What was the book that most influenced your life or your career as a writer -- and why? Little Women by Louisa May Alcott. The scenes of Jo March writing away in the attic, reaching now and then for a crisp apple to stave off her hunger, are unforgettable. They were for me the first glimpses of a writing life, a fantasy in which a young woman has all that she needs: privacy, paper, ink, and a bushel of fresh fruit.
What are your ten favorite books, and what makes them special to you? Love in the Time of Cholera by Gabriel García Márquez -- Actually, anything written by Márquez. I suspect that his grocery list would make my top ten list. This novel, though, offers one of the most desperate and hopeful endings to a love story that I have yet to read.
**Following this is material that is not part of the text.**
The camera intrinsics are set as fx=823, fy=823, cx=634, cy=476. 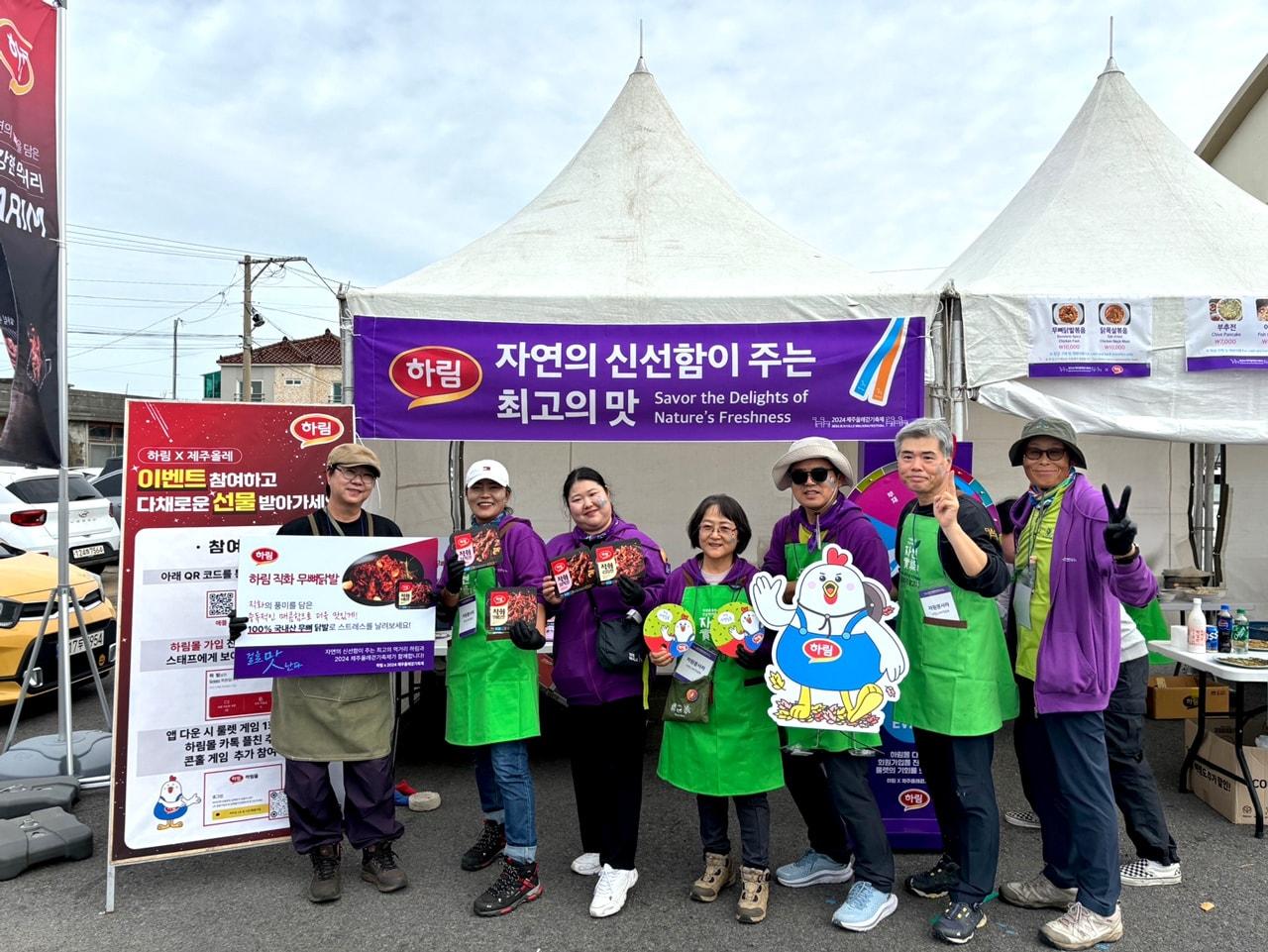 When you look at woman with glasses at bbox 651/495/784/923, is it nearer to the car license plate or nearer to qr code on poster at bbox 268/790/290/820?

To Kill a Mockingnird by Harper Lee -- Atticus Finch. Need I say more? Certainly, for me, this is where the desire to become a lawyer first came from.
The Hour of the Star by Clarice Lispector -- This Brazilian novella in translation is a difficult, complicated, haunting look at hunger of the soul and of the body.
America Is in the Heart by Carlos Bulosan -- Bulosan's novel captures an America that fueled (and still does) its capitalist engines with the labor of migrant workers. It is the longing (too exhausted to dream) of the Filipino men of Bulosan's generation that stays with me, that makes this book an American classic, a Great American Novel.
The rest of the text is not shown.